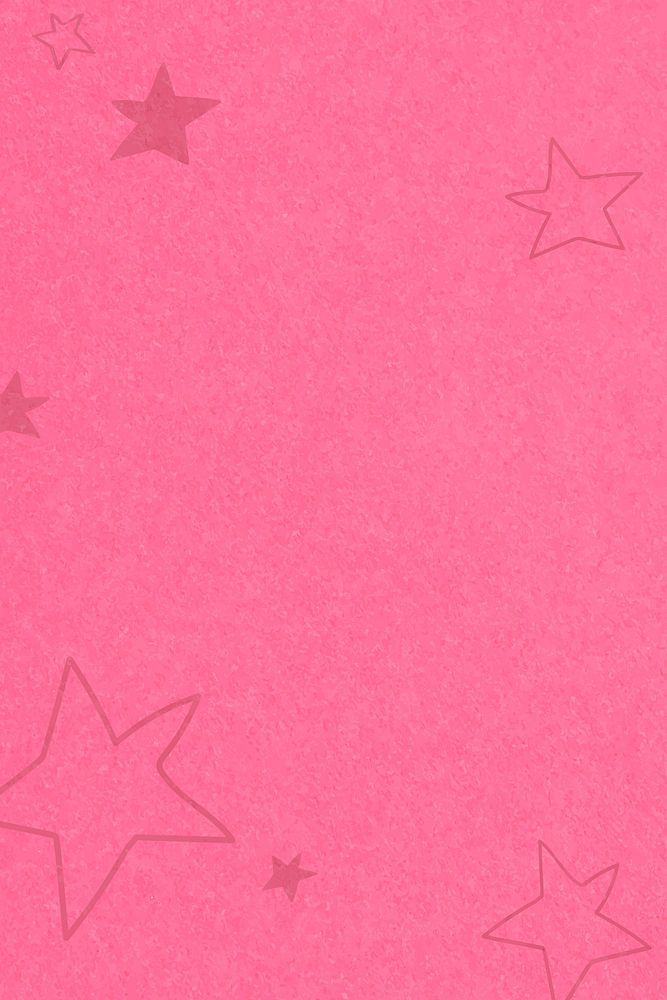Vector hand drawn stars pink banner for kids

---

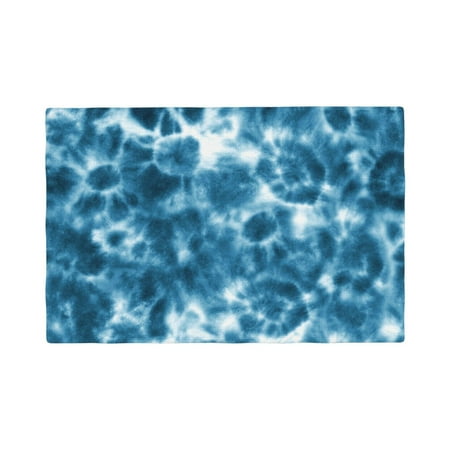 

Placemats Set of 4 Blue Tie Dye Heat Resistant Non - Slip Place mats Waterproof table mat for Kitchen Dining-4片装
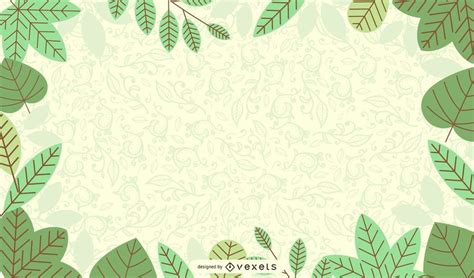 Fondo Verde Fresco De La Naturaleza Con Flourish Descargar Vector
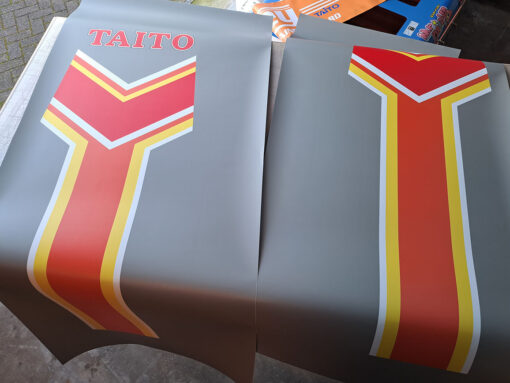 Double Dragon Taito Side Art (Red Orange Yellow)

---

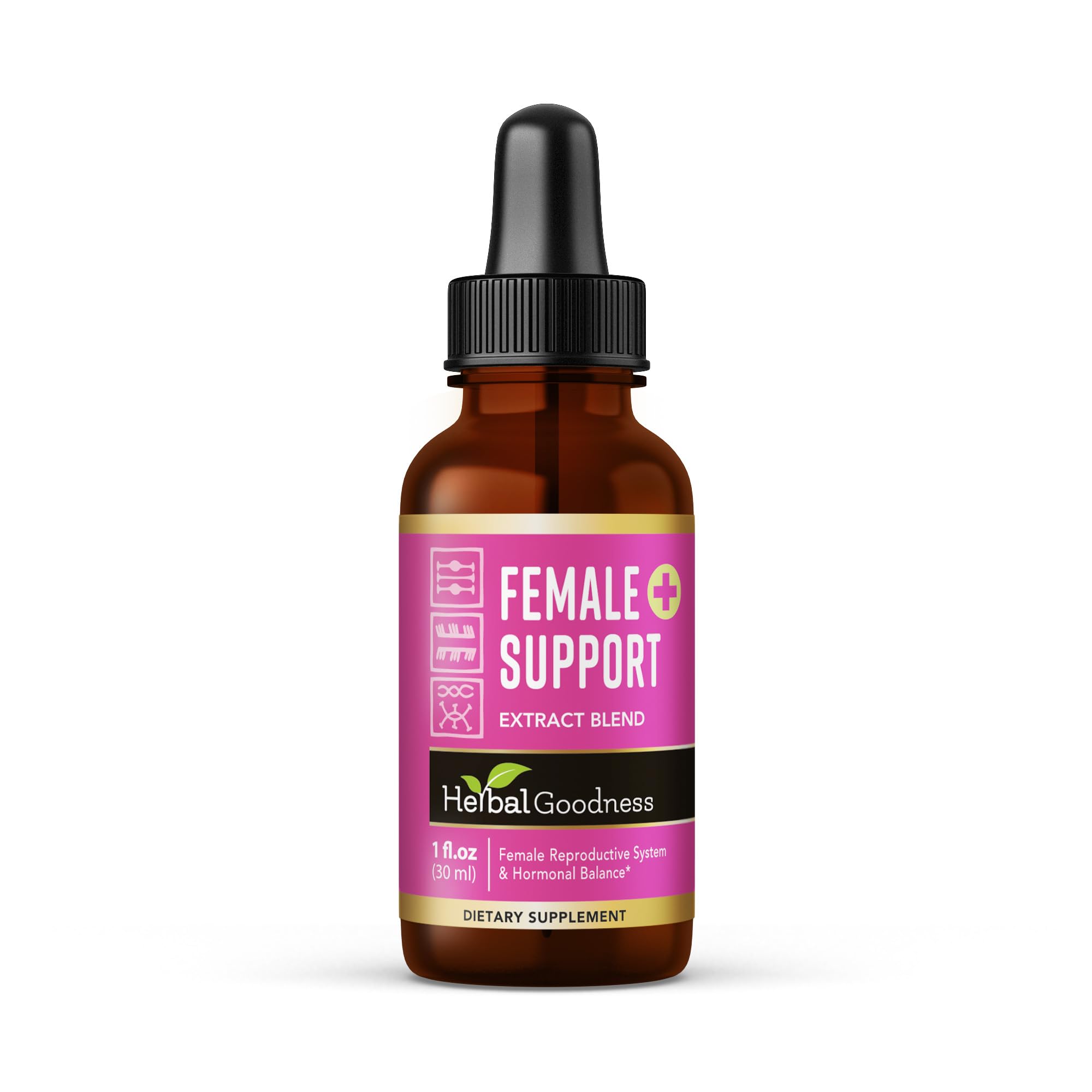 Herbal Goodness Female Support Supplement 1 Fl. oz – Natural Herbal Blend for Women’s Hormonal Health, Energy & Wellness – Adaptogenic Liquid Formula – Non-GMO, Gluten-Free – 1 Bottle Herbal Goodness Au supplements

---

- Assigned task
What you write must match the listing exactly, from the line with "Placemats Set of" up to and including the line with "Double Dragon Taito". Pictures stay out.

- The completed task
Placemats Set of 4 Blue Tie Dye Heat Resistant Non - Slip Place mats Waterproof table mat for Kitchen Dining-4片装
 Fondo Verde Fresco De La Naturaleza Con Flourish Descargar Vector
 Double Dragon Taito Side Art (Red Orange Yellow)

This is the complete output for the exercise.